• [WHAT IS BEING ASKED]
Go to the line that contains "2023 Honda Accord Sedan EX", then write out that line and all that follow to the end of the listing, exactly and without pictures.

=======

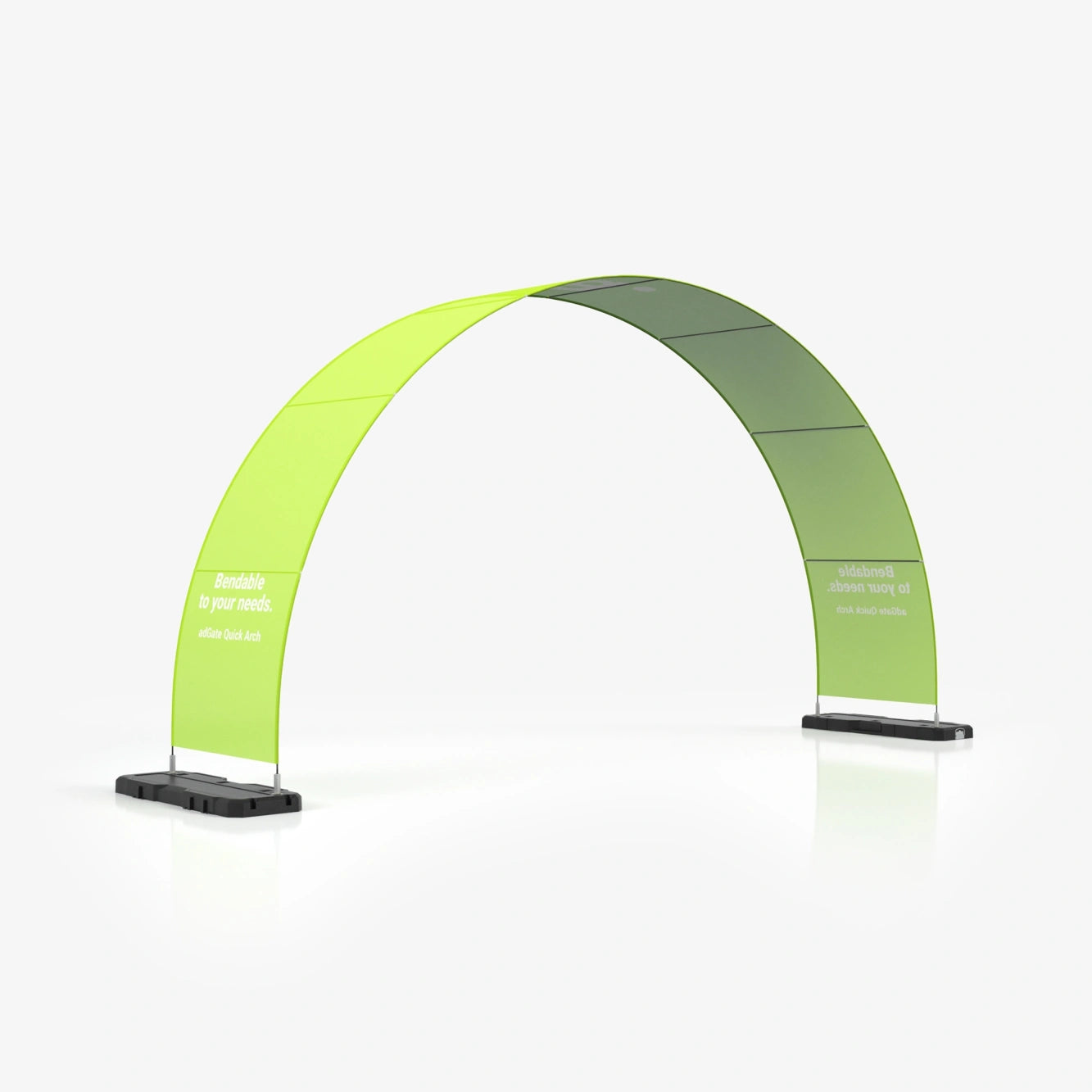 Gate Quick Arch reclameboog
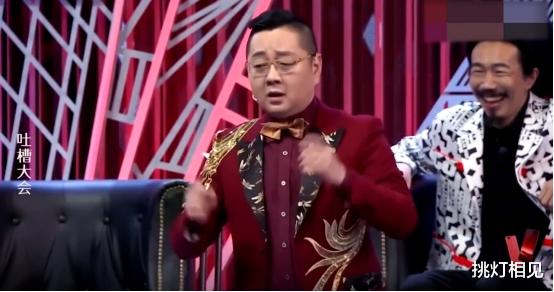 吐槽张绍刚,她绝对是最狠的,她说:张绍刚在央视就是一临时工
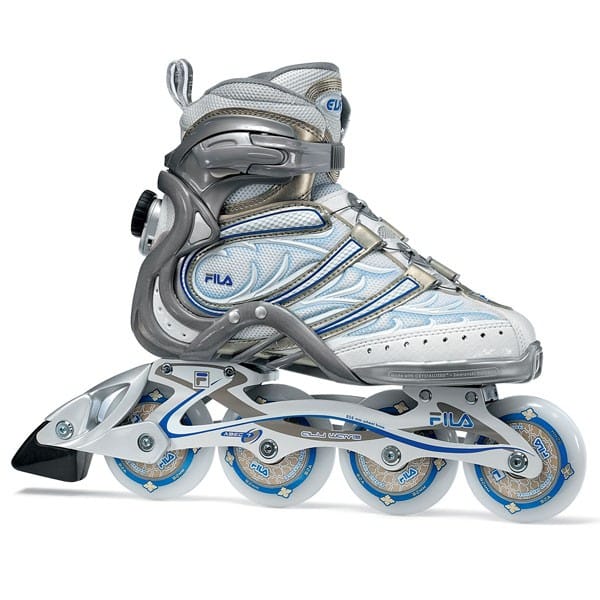 Fila Evo Pro 9 blanc 2009 (fr)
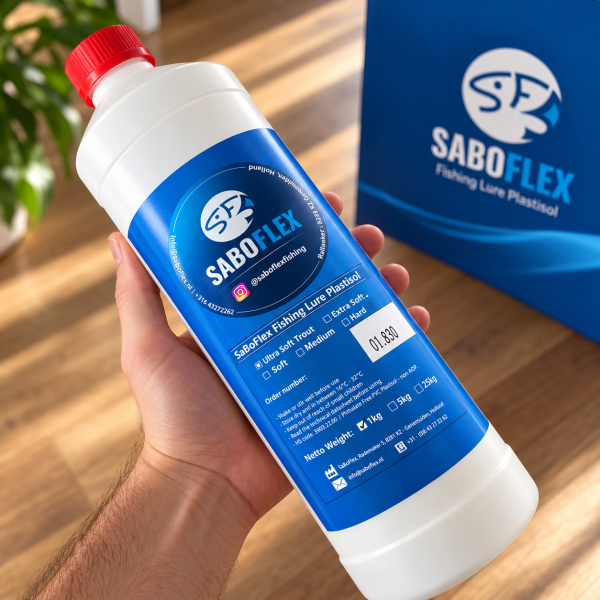 Plastisol Soft 18 Shore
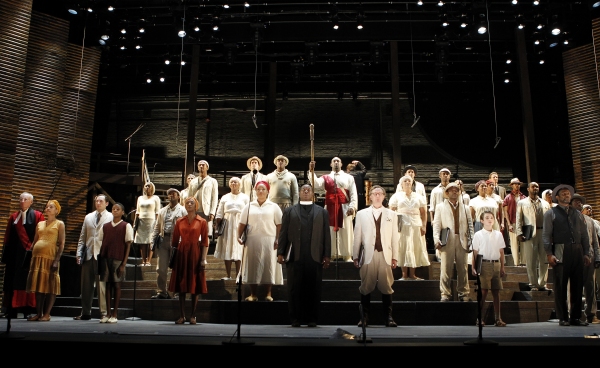 Photo Flash: Encores! LOST IN THE STARS! Image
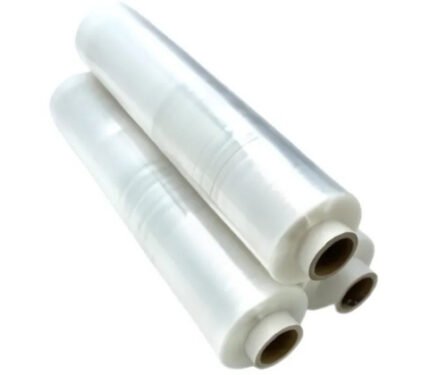 Clear Stretch Film 500mm x 300m 17mu – Standard Core palletwraps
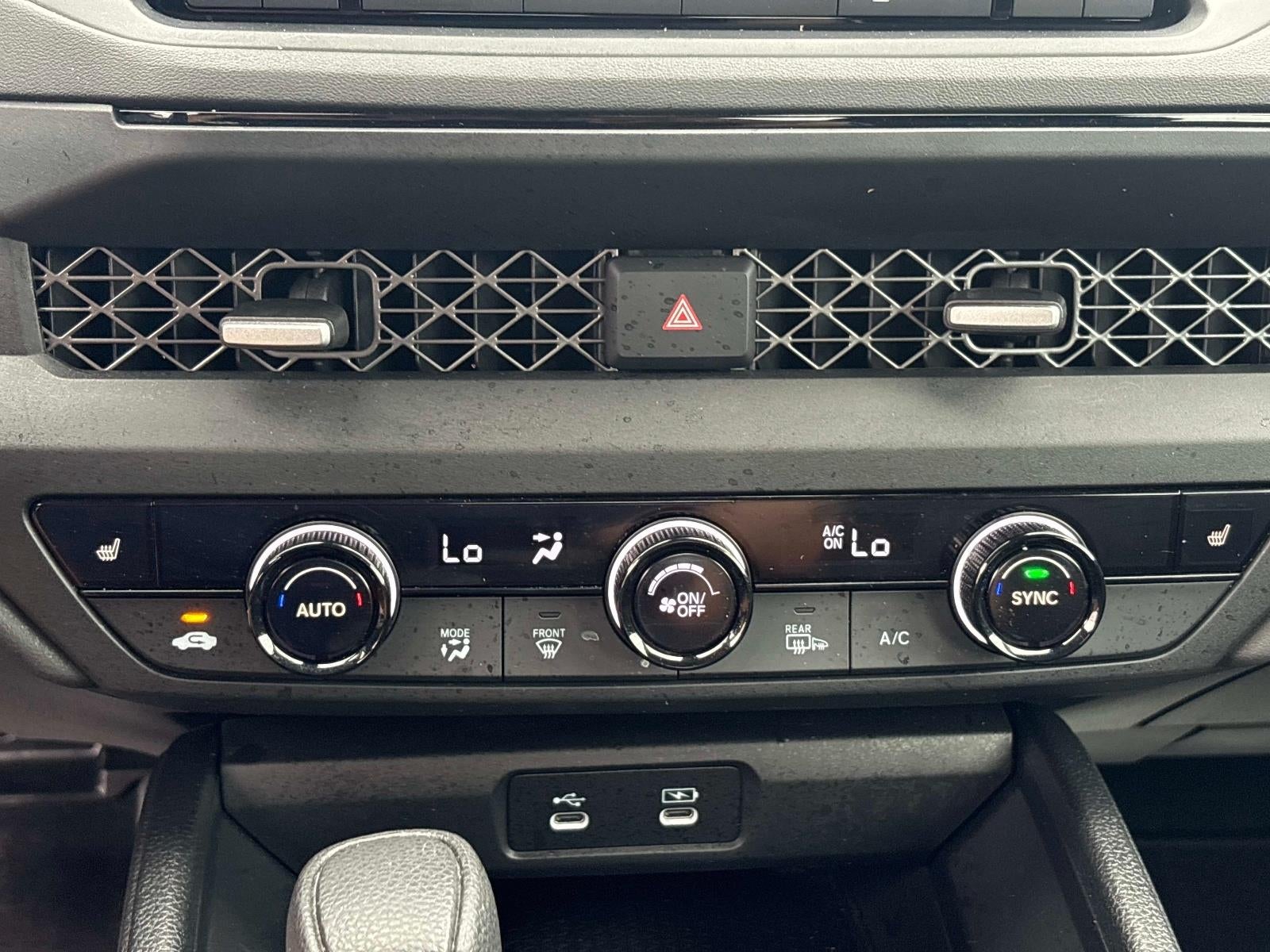 2023 Honda Accord Sedan EX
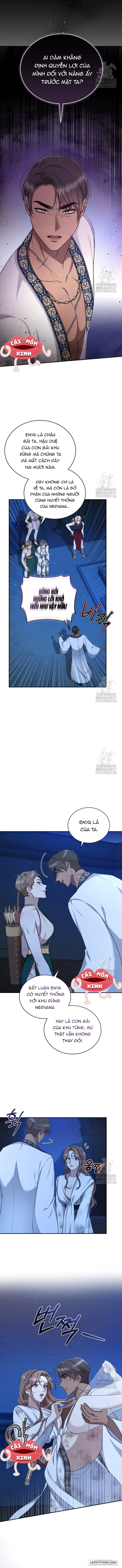 Khu Rừng Hoang Dã - Chap 21 - Trang 1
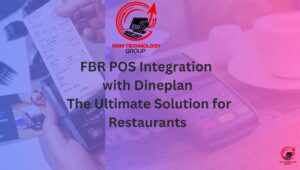 FBR POS Integration with Dineplan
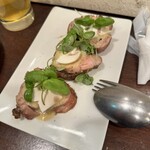 トラットリア ・チャオロ -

=======

• [FINISHED TASK]
 2023 Honda Accord Sedan EX
 Khu Rừng Hoang Dã - Chap 21 - Trang 1
 FBR POS Integration with Dineplan
 トラットリア ・チャオロ -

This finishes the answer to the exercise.